Greenpeace’s complaint also criticizes an online fisheries-information service that reaches out to the media: Hilborn helped launch last fall with financial help from the seafood industry that is not noted on the website.

A UW spokesman said the Greenpeace complaint involves matters “we take very seriously.”

“We will be looking into the issues raised by Greenpeace to determine if problems exist and what steps might need to be taken to address them,’’ said Norm Arkans, the UW spokesman.

Money and disclosure

Amid shrinking public funding, university researchers often reach out to private industry to fund their work. Researchers also may do outside contract work, which at the UW requires prior approval.

The potential for industry funding to influence research has long been a topic of debate and controversy, and major journals have developed disclosure policies that attempt to lay out an author’s potential conflicts of interest.

For example, the journal Science asks authors “to reveal any financial relationships that could be perceived to influence the research,” according to a statement released by Science.

Hilborn has been published in many major academic journals, including Science, and is widely quoted in the media.

His research at the UW School of Aquatics and Fishery Sciences has focused “on how to best manage fisheries to provide sustainable benefits to human societies,” according to his website. He has helped to launch a global database of fish stocks, and his awards include the 2006 Volvo Environment Prize and, this year, the International Fisheries Science Prize.

He also has obtained funding from environmental organizations such as the Natural Resources Defense Council.

But Hilborn, over the years, has spoken out against what he portrays as the unwarranted gloom and doom pushed by some environmental groups, which he accuses of pushing bad news about fisheries to boost fundraising.

In a 2011 New York Times opinion piece headlined “Let Us Eat Fish,” Hilborn denounced “apocalyptic predictions about the future of fish stocks.” On his website and elsewhere, he has sought to debunk what he calls “myths” that include that most fisheries are overfished and that all fish stocks could be gone by 2048.

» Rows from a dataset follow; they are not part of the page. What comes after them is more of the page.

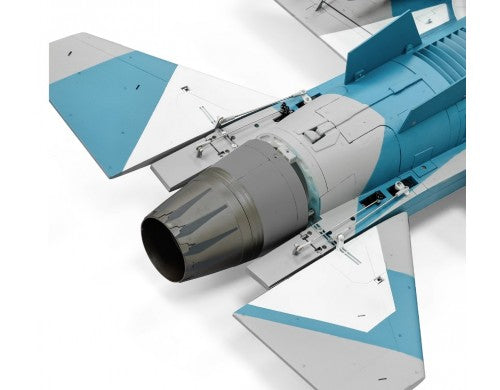 Freewing F-16 V2 High Performance 90mm EDF Jet - PNP FJ30631P Freewing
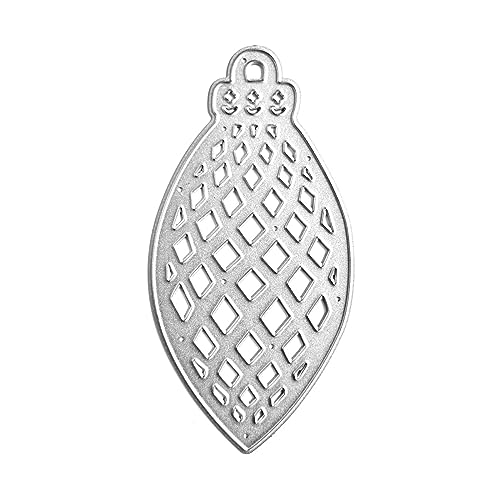 HNsdsvcd Metall-Stanzformen zum Aufhängen, Karbonstahl, Prägeschablone, Scrapbooking, für Karten, Stanzformen HNsdsvcd Metall-Stanzformen zum Aufhängen, Karbonstahl, Prägeschablone, Scrapbooking, für Karten, Stanzformen von HNsdsvcd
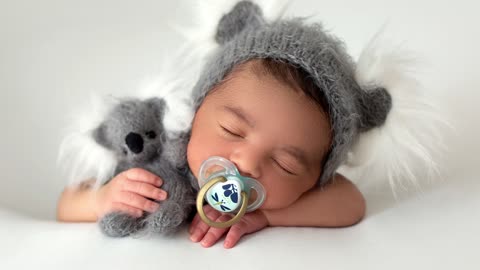 blanket of stars| music box lullaby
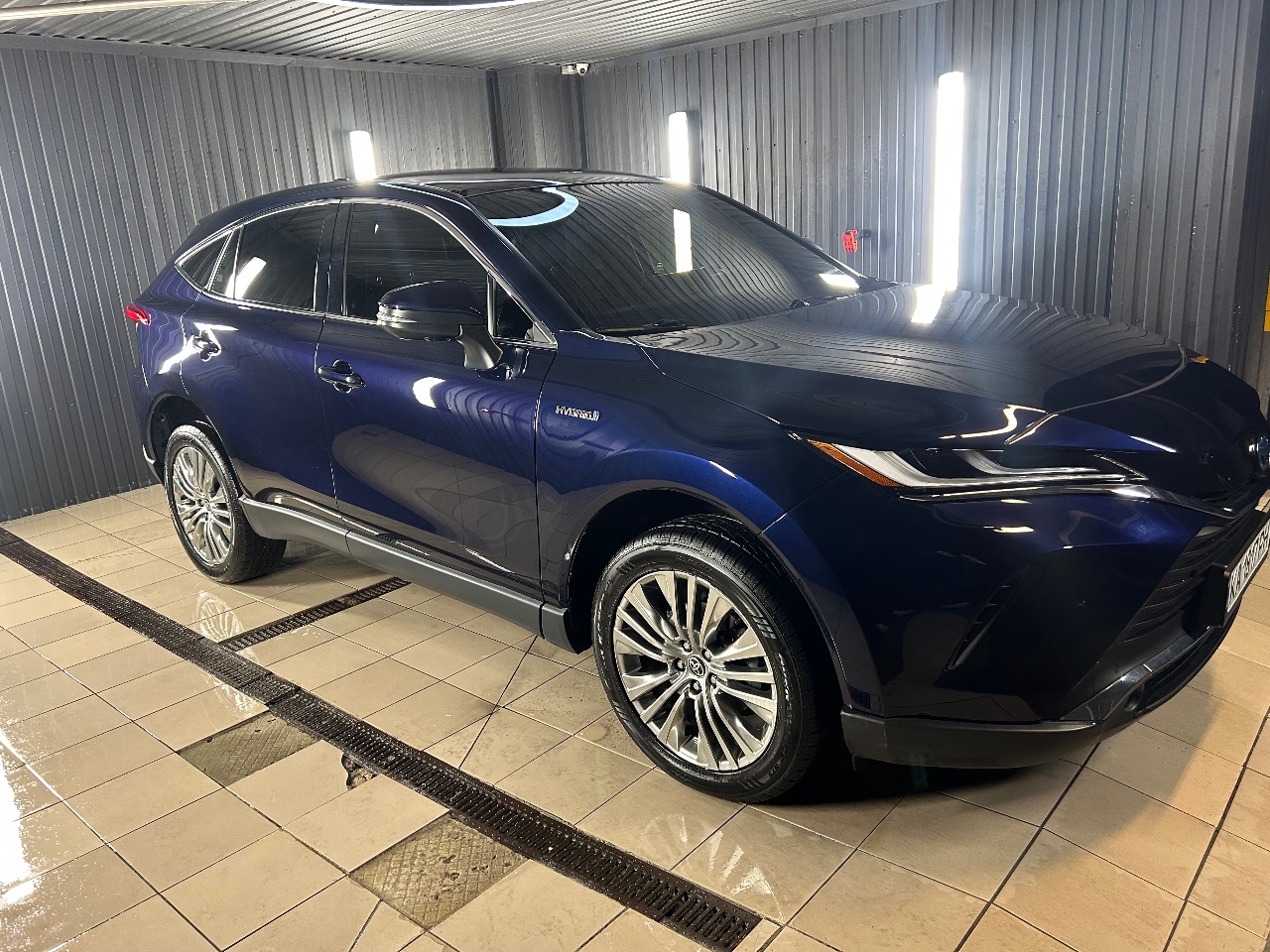 Toyota Venza - фото 3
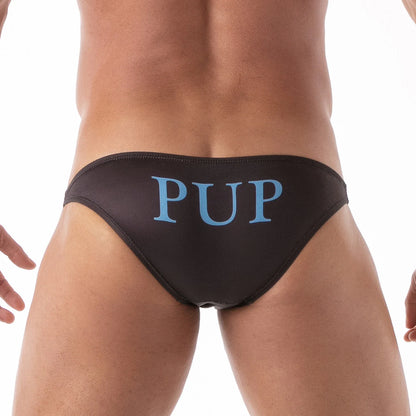 Leader ID Bikini Briefs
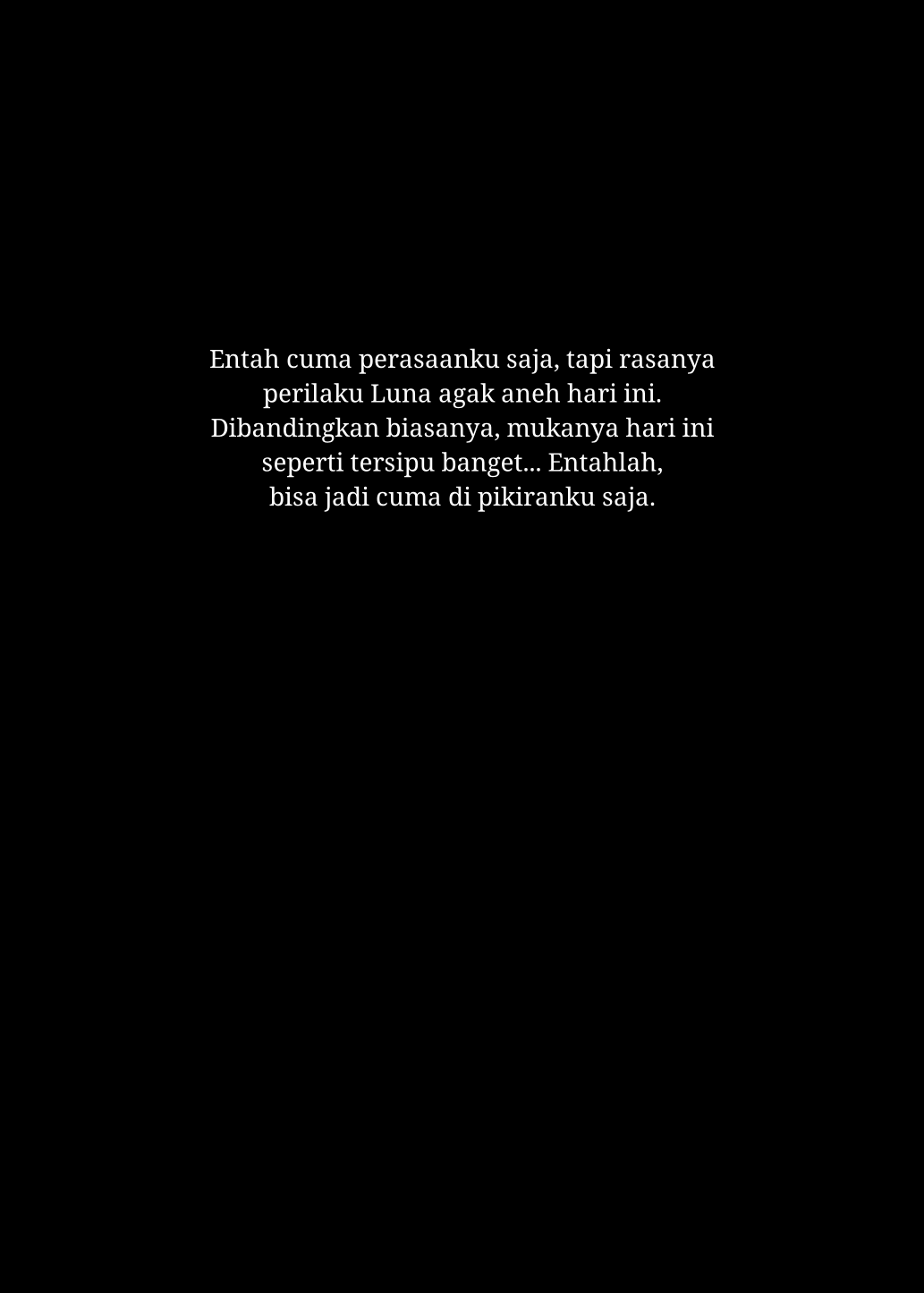[Nazunaya Honpo (7zu7)] Mechakucha Jiraippoi kedo Ne wa Yasashisouna Ko 2 | Cewek yang Kelihatan Ranjau Banget tapi Aslinya Cewek Manis 2 [Indonesian] [Pinandhita 論理型] [Digital] numero di immagine  21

“On average, fish stocks worldwide appear to be stable, and in the United States they are rebuilding, in many cases at a rapid rate,” Hilborn wrote.

And in 2013 testimony submitted to Congress, he declared: “The major threat to sustainable jobs, food, recreational opportunity and revenue from U.S. marine fisheries is no longer overfishing, but underfishing.”

Critics and supporters

Greenpeace is attempting to label Hilborn an “overfishing denier,” comparing the professor to so-called climate-change deniers who are a minority in a scientific community that overwhelmingly accepts that fossil-fuel combustion contributes to global warming.

“This issue is analogous and no less important,” said Hocevar, who accuses Hilborn of downplaying the effects of overfishing.

Other researchers dispute Greenpeace’s comparison. They say Hilborn has been a leader over the decades in a wide range of important research projects in the North Pacific and globally.

“I think that in general Ray’s work has been highly acclaimed by many scientists. He is not sitting way on the edge,” said Gunnar Knapp, a University of Alaska-Anchorage fishery economist who has collaborated on research with Hilborn.

But some marine scientists have been at odds with him.

They include Daniel Pauly, a University of British Columbia marine biologist who shared the 2006 Volvo prize with Hilborn. Pauly has authored numerous papers about the global decline in fish stocks that have been attacked by Hilborn as lacking creditability.

In an interview, Pauly criticized Hilborn as an industry-friendly scientist who has failed to properly disclose his funding.

“We all are certainly affected by where we get money from, and certainly have to make that available for discussion,” said Pauly whose own affiliations include an unpaid seat on the board of Oceana, a major marine-conservation group.

Hilborn said he draws money from a wide range of sources, and rejected the notion that he has been swayed by industry money.

That money is not a problem “but a natural part of working on solutions,” Hilborn said. “They (industry) should be paying part of the bill.”